Whether there is objectivity to moral claims is a long-standing controversy in philosophy. The stance that there is objective right and wrong is referred to as moral realism or moral objectivism, and it includes many nuances and subtleties (e.g., Silver, 2011; Sayre-McCord, 2017). From a practical perspective, however, the obvious lack of consensus on moral issues makes it clear that moral claims have a strongly subjective component. The case of assisted dying serves as an illustration. Some people believe a society is morally required to assist a person who wishes to die due to unbearable suffering from a terminal illness. Others believe that a moral society should severely punish anyone who gives such assistance. How can this be? Well, both sides can provide ample arguments to justify their positions (Dworkin, 2011; Keown, 2018). For example, an argument in favor of allowing assisted dying is concern about liberty, that people should have a say not only about their treatment but also about their death. An argument against allowing assisted dying is that it weakens the sacred value of human life. Thus, people may come to different judgments depending on which of these concerns they care most strongly about.

Individual differences in how strongly people care about different kinds of concerns are the focus of the moral foundations theory (Haidt and Graham, 2007; Graham et al., 2009).

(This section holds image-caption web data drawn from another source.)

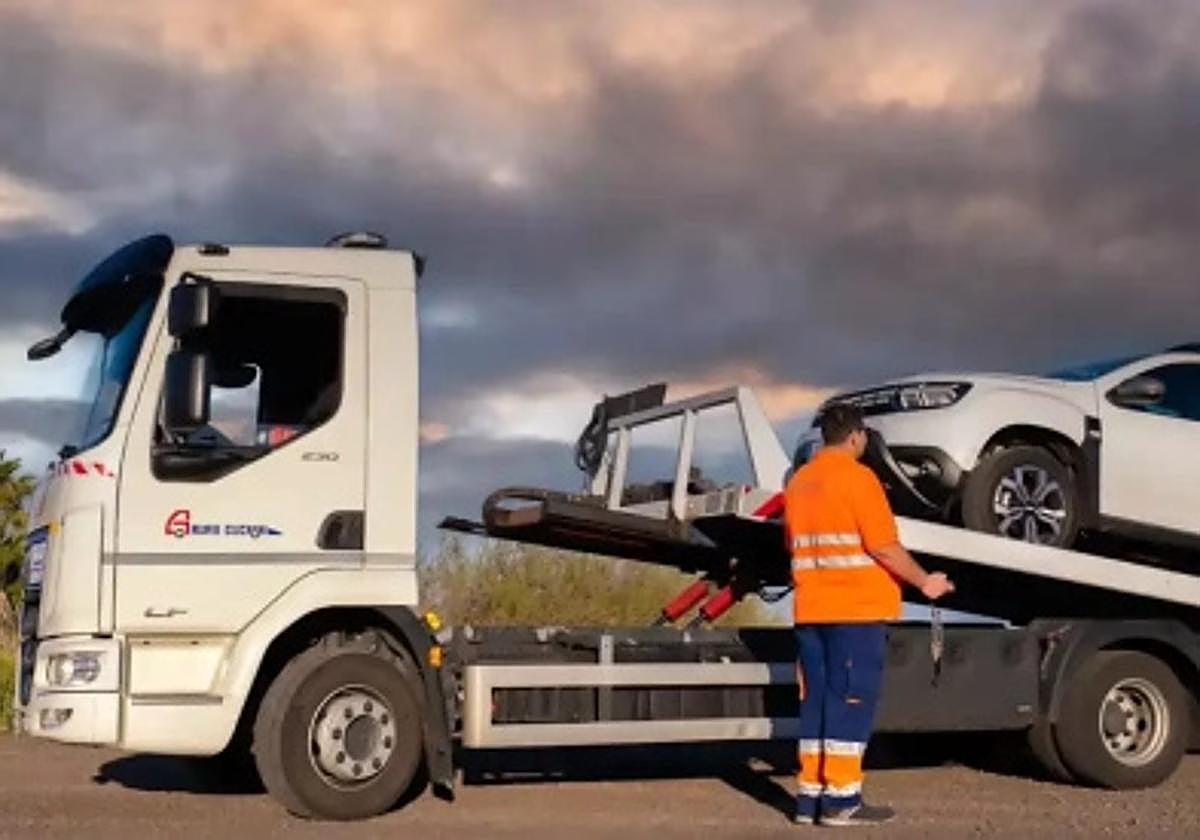 Guardias civiles y vecinos retiran a pulso un coche abandonado por la falta de grúas en Gran Canaria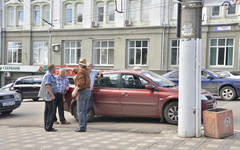 Кировчанин с ножом напал на таксиста и угнал его автомобиль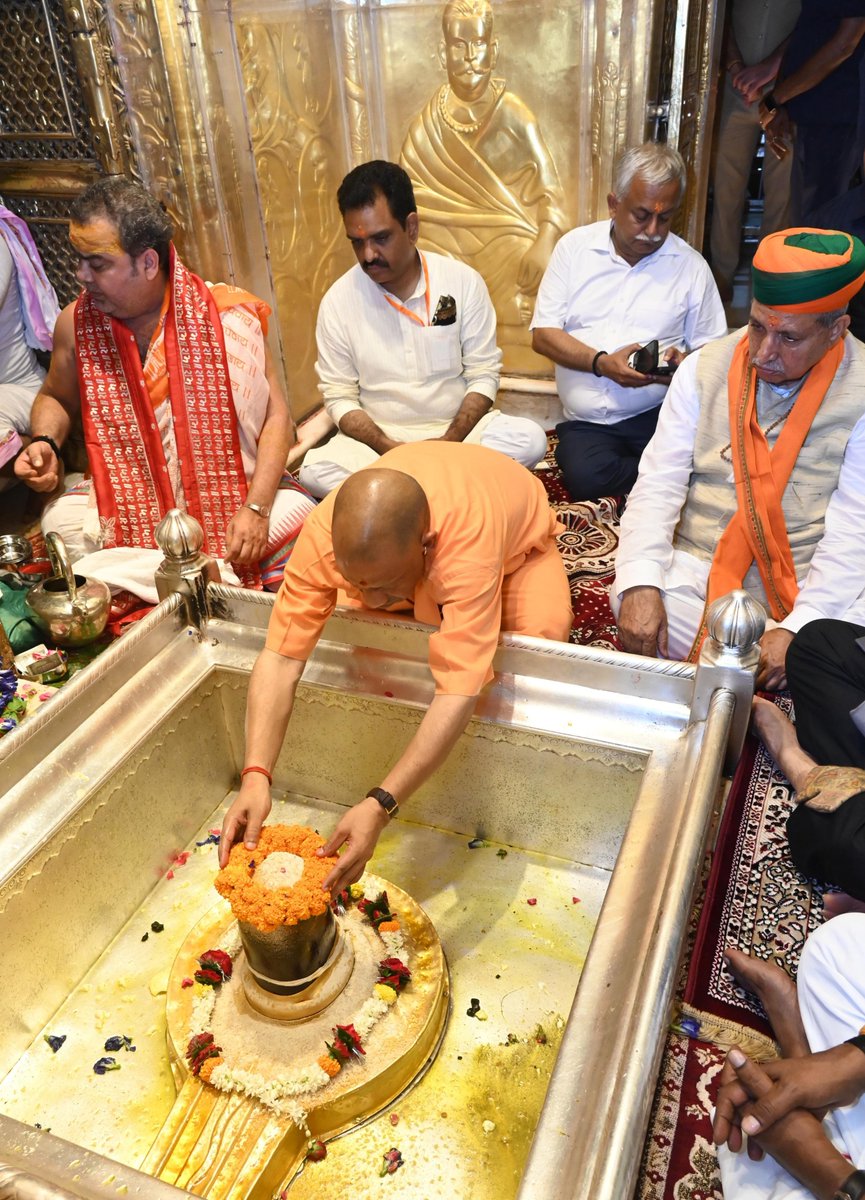 CMOfficeUP's tweet photo. मुख्यमंत्री @myogiadityanath जी ने आज वाराणसी में 'काशी के कोतवाल' श्री काल भैरव जी एवं बाबा विश्वनाथ जी के दर्शन-पूजन कर प्रदेशवासियों के कल्याण की कामना की। https://t.co/EgzaDmElSP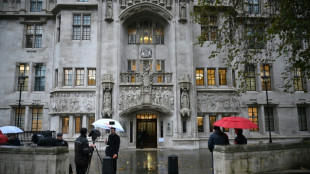 Defini&ccedil;&atilde;o legal de 'mulher' &eacute; baseada no sexo biol&oacute;gico, decide Suprema Corte brit&acirc;nica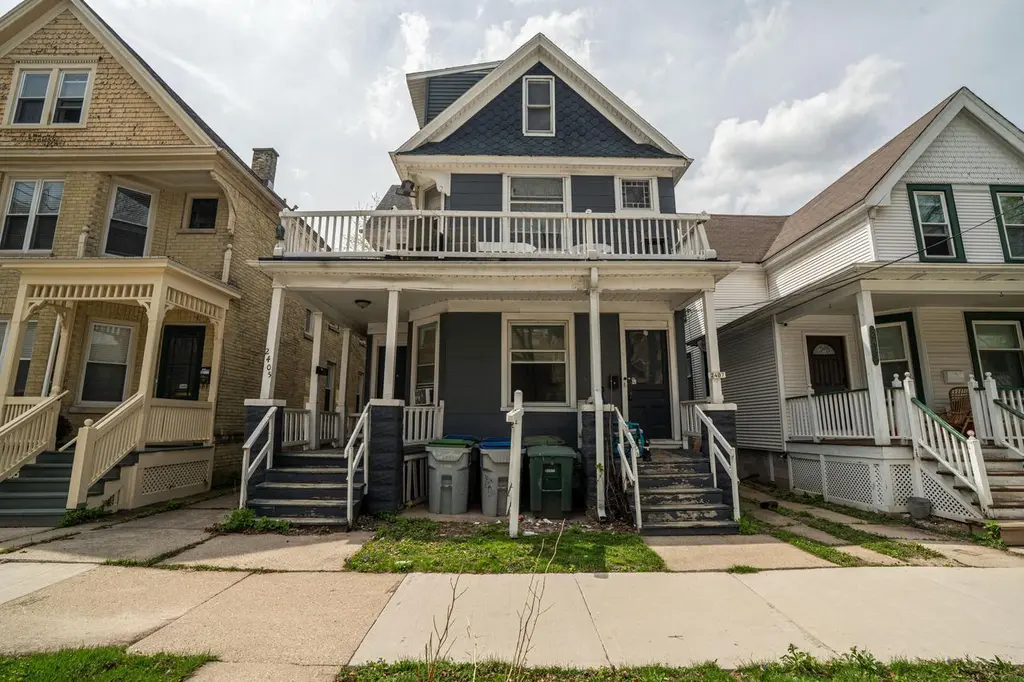 2405 N Frederick Ave #2407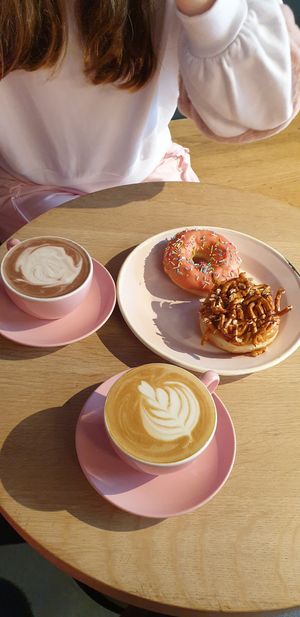 Hot choclate, white flat and donuuuuuts at Brammibal's Donuts - Alexanderplatz in Berlin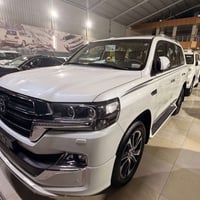 لاندكروزر GXR • ٢٠١٦ • ٨٨٠٠٠ كم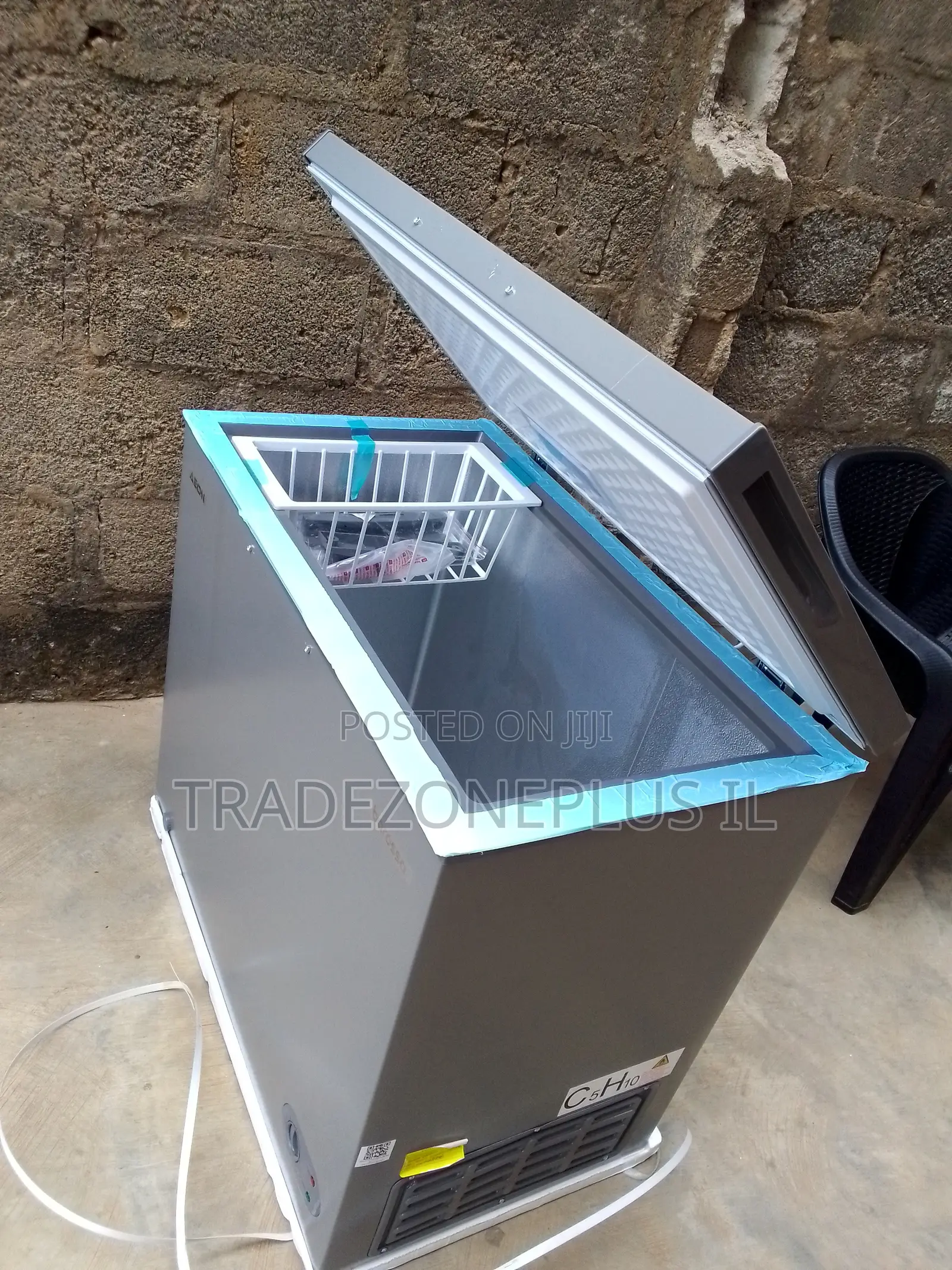 Reliable Food Storage With AEON ACF200GK 200L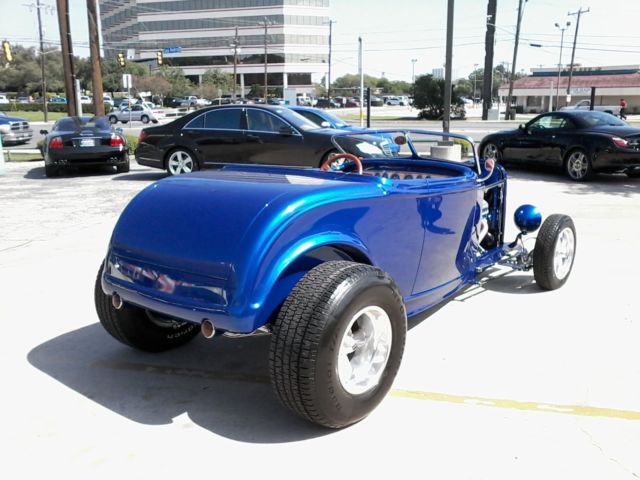 1932 Blue Ford roadster Hot Rod Convertible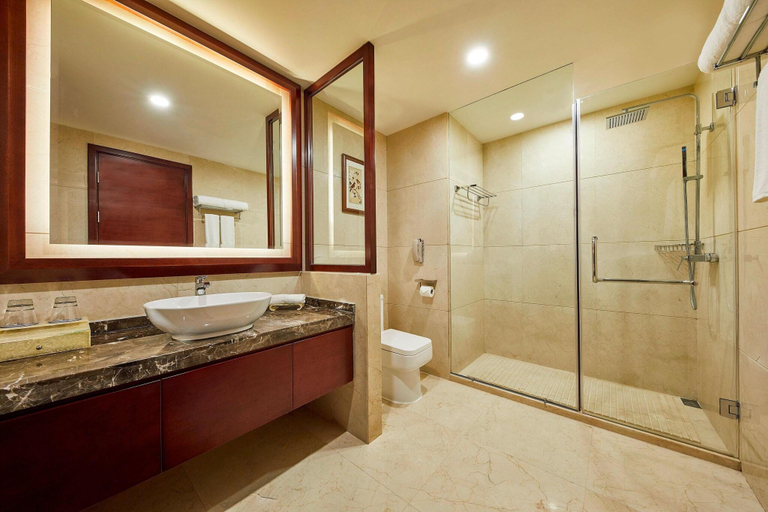 Bathroom 5, Four Points by Sheraton Danzhou, Hainan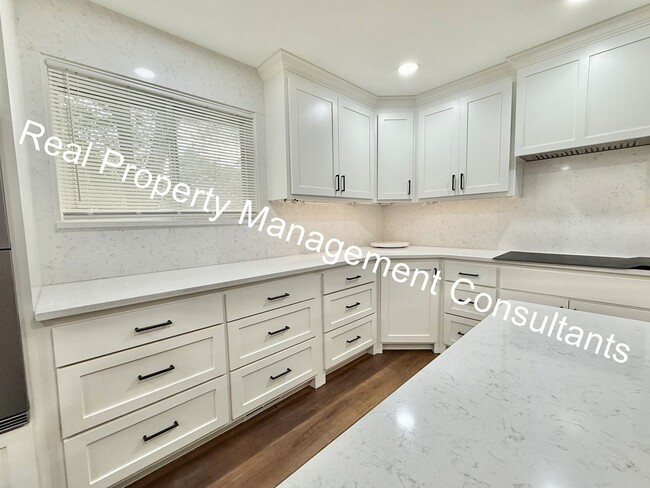 Building Photo - Spacious 4 Bedroom Home in Shawnee Mission!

According to this theory, the reason that liberals and conservatives often disagree on moral questions is that only conservatives tend to assign much importance to moral arguments based on the “binding” moral foundations of authority, loyalty, and purity, whereas liberals assign especially high importance to the “individualizing” foundations of harm and fairness. This group difference has been established by large studies using the moral foundations questionnaire, the MFQ (Graham et al., 2011). Further evidence has been provided by experiments and field studies of argument exposure (e.g., Day et al., 2014; Clifford et al., 2015; Feinberg and Willer, 2015). To predict how these differences in reliance on moral concerns will guide specific moral opinions, we need a characterization of moral opinions in terms of which moral concerns apply to them. The aim of the present paper is to show how such a characterization can be obtained and demonstrate that it is largely independent of sample demographics, that is, the applicability of moral concerns is viewed similarly by women and men, by young and old, by liberals and conservatives, etc. We will even examine how the applicability of moral concerns is viewed in different countries.

Methods for Measuring the Applicability of Specific Moral Concerns to Specific Moral Opinions

Prior research by Koleva et al. (2012) took an indirect approach. They used multiple linear regression to examine how well respondents' MFQ scores on five moral foundations predicted their moral disapproval of a given act. In this way they found that disapproval of euthanasia was “firmly linked to purity,” whereas disapproval of the death penalty “appeared to be driven not by Purity (the sanctity of life), but by Harm” (Koleva et al., 2012, p. 192). This method thus yielded plausible and interesting results. However, the indirectness of the method is a drawback. Respondents are never actually asked about what arguments they think apply to a given position. The validity of the inferred links rests on the unproven assumption that moral judgments are shaped by the individual's reliance on various moral foundations weighted by the applicability of each moral foundation to the question at hand.

More direct methods are possible. Researchers of political communication have long carried out studies where respondents are asked which arguments can plausibly be used for each position on a political issue (e.g., Cappella et al., 2002; Van der Wurff et al., 2018). These studies use open-ended questions to elicit arguments, with the aim of measuring the size of the respondent's “argument repertoire.” Thus, this research tradition focuses on the number of arguments rather than their content.

Here we will instead focus on a direct method proposed by Strimling et al. (2019). Respondents were presented with a list of general arguments adapted from the MFQ and were first asked to tick all arguments that applied to justify their own position on a given moral issue, and then tick all arguments that plausibly applied to justify the opposing position. A given moral opinion can then be characterized by an applicability score for each argument, representing how many respondents ticked the argument as applying to that opinion. Using this method in the United States, argument applicability scores for a range of moral issues were obtained by Strimling et al. (2019).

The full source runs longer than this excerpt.